The approach followed by Nienhuis et al. is different from ours: they state the properties they establish as trace properties, over a trace of “abstract actions” describing the various capabilities transiting through the machine during the execution. This approach makes it possible to state the desired properties in a very explicit and concrete fashion. For instance, the authors state and prove a property of “capability monotonicity”: during the execution, the authority of available capabilities cannot increase (in other words, the machine does not allow forging new authority). Intuitively, this seems like a very reasonable property, required for proper operation of the capability machine. However, in practice it is more subtle: calls between components (in our case, jumping to an e-capability) do allow for some restricted form of non-monotonicity. The property proved by Nienhuis et al. is thus restricted to trace fragments that do not include calls to a different component. Our methodology is less explicit, but more expressive. In our setting, the fundamental theorem can be understood as expressing that “the machine works well”. Its very extensional statement is admittedly harder to understand in terms of the operational semantics of the machine, but it enables deriving correctness statements in terms of the operational semantics that do apply to a full execution of the machine, including calls between an arbitrary number of components.

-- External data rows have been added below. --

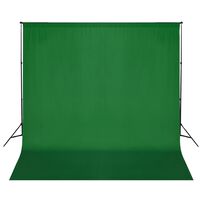 vidaXL Podporni sistem za ozadje 600 x 300 cm zelene barve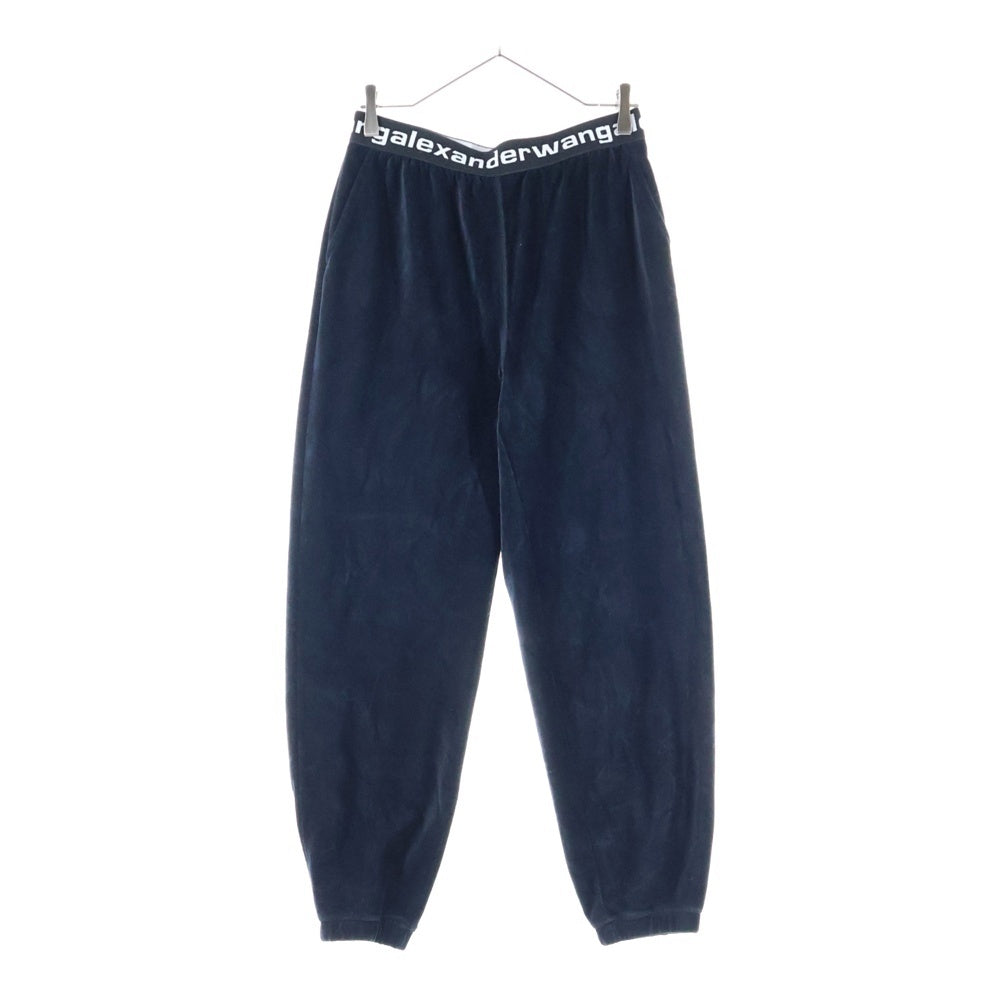 ALEXANDER WANG(アレキサンダーワン) Logo Elastic Jogger In Stretch Corduroy コーデュロイジョガーパンツ ブラック レディース S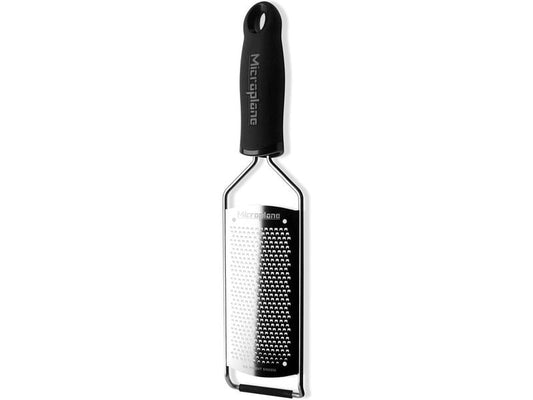 Microplane | Gourmet Reibe feine Schneide | schwarz, Kunststoffgriff 31.2x7.5x3cm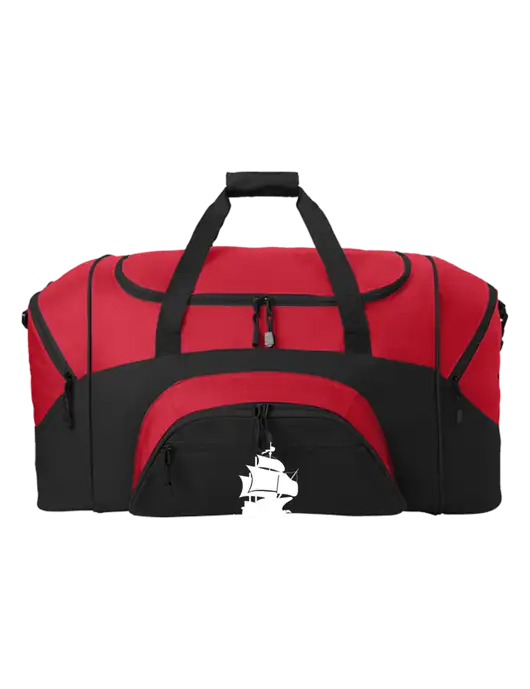 Standard Colorblock Red/Black Sport Duffel w/Blackbeard Logo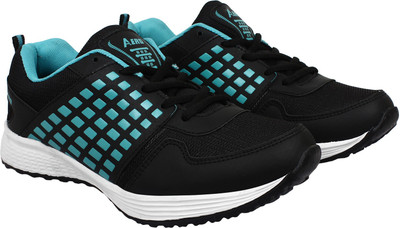 

Aero Power Play Running Shoes For Men(Green, Black, Cyan-black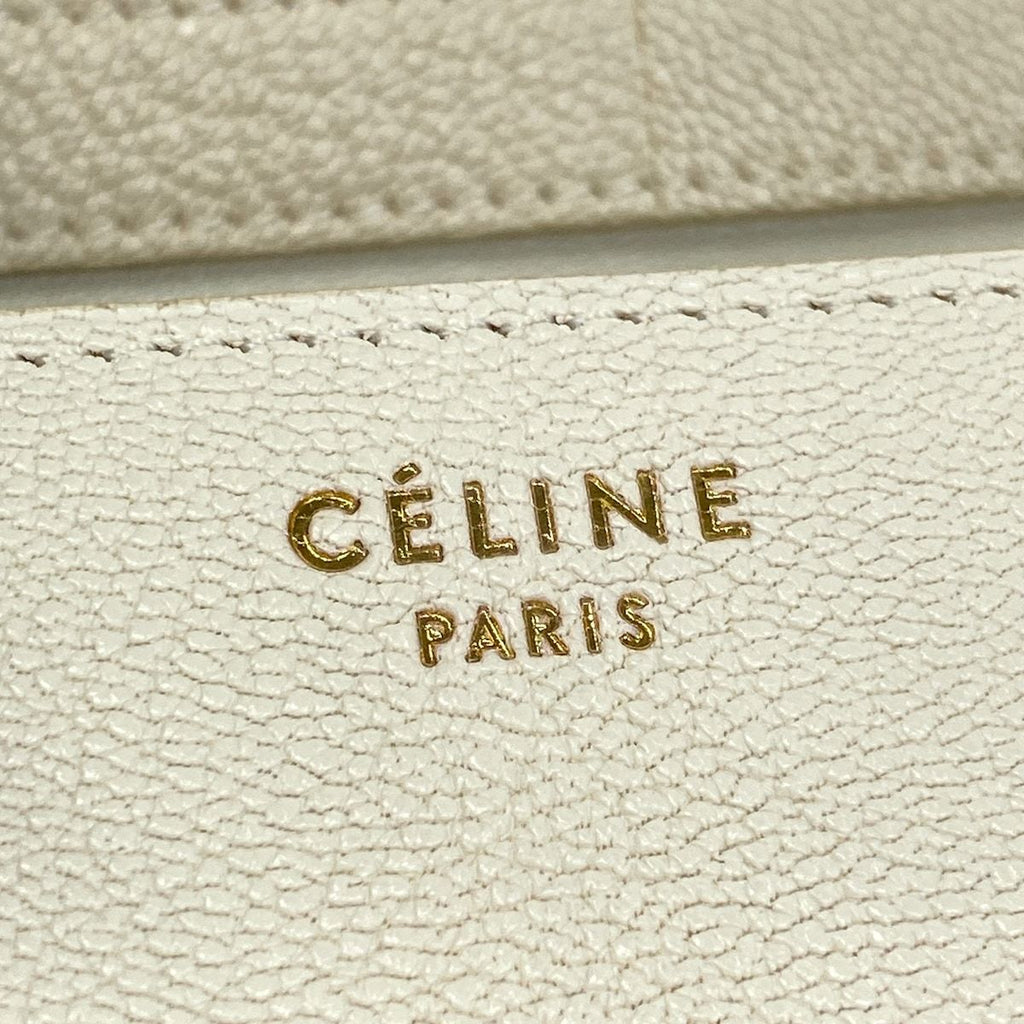 Celine Shoulder Bag Classic Box White — view 9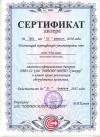 Сертификат дилера ЗАО НИИИН МНПО СПЕКТР _ ГЕО-НДТ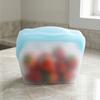 4PCS Fresh-Keeping Silicone Storage Bag Leak-Proof Reusable Containers Odor-Proof Thick Tear-Resistant Stand-Up Food Bags for Soup Sauce Leftovers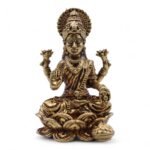 Ancient Wisdom Brass Miniature Gods – Laxmi (49mm)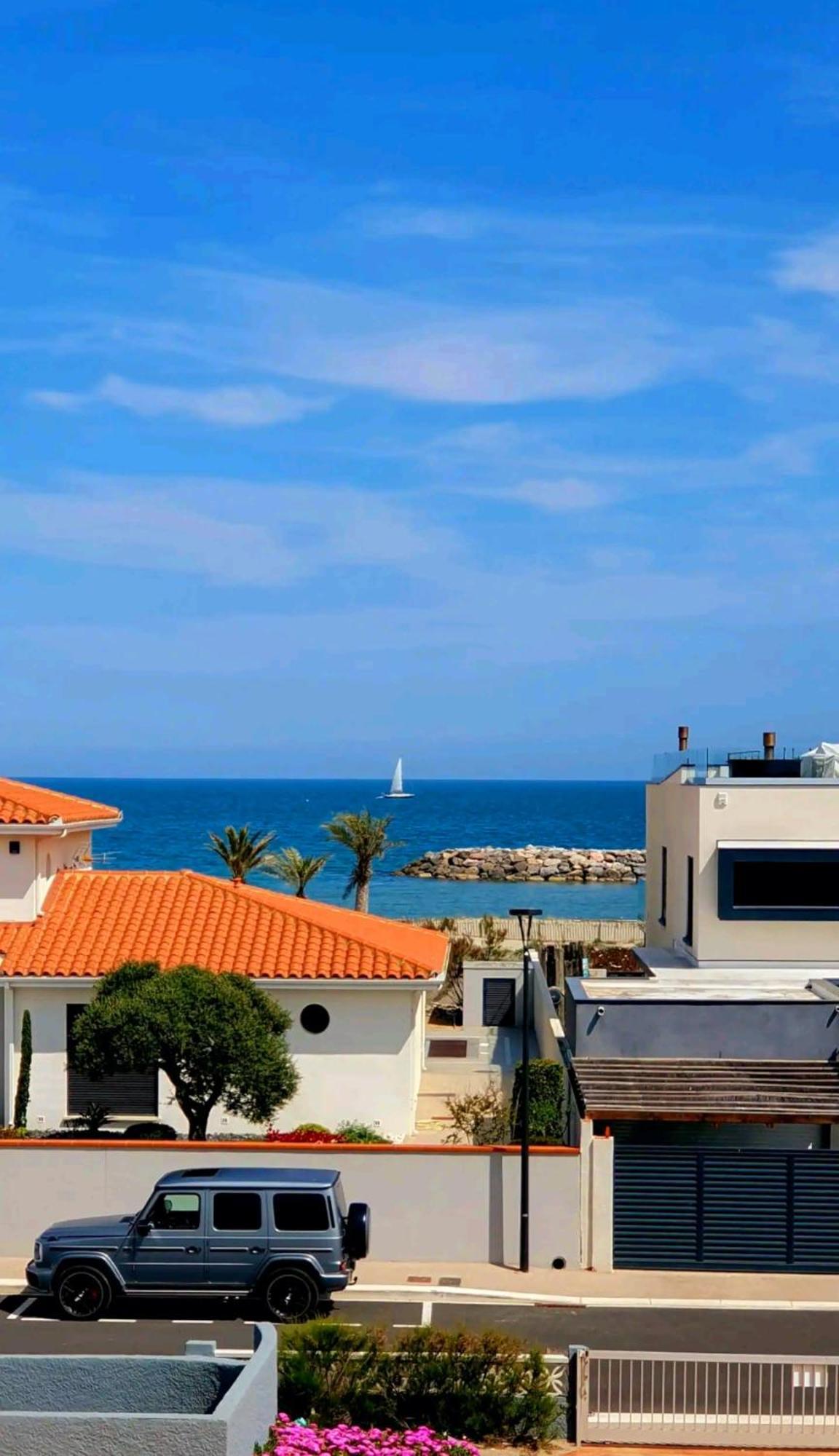 La Plage Du Lido - Front De Mer - Travaux Recents Le Barcarès Exterior foto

As mentioned, our fundamental theorem constitutes a universal contract for arbitrary code, i.e., it allows deriving the guarantee that any adversarial capability is safe to execute, given validity of said capability. This safety is typically obtained by syntactically restricting the adversarial capability; e.g., requiring that the adressed memory only contains integers.¹³ Similar notions of universal contracts have been used for high-level languages (explicitly or implicitly) in the literature. The aforementioned work of Skorstengaard et al. [2019a, 2019b] and Swasey et al. [2017] all used a version of universal contracts, and placed varying syntactic restrictions on adversaries. The semantic type systems of Jung et al. [2017] and Sammler et al. [2020] permit similar reasoning about untrusted code based on a syntactic well-typedness restriction. The back-translation in the full-abstraction proof by Van Strydonck et al. [2019] involved an explicit, universal separation logic contract for a C-like language with capabilities. Generally, whenever a semantic model is used to describe semantic guarantees satisfied by arbitrary code (possibly subject to syntactic restrictions), and when these guarantees are used in the manual verification of other code, this can be regarded as an application of a universal contract.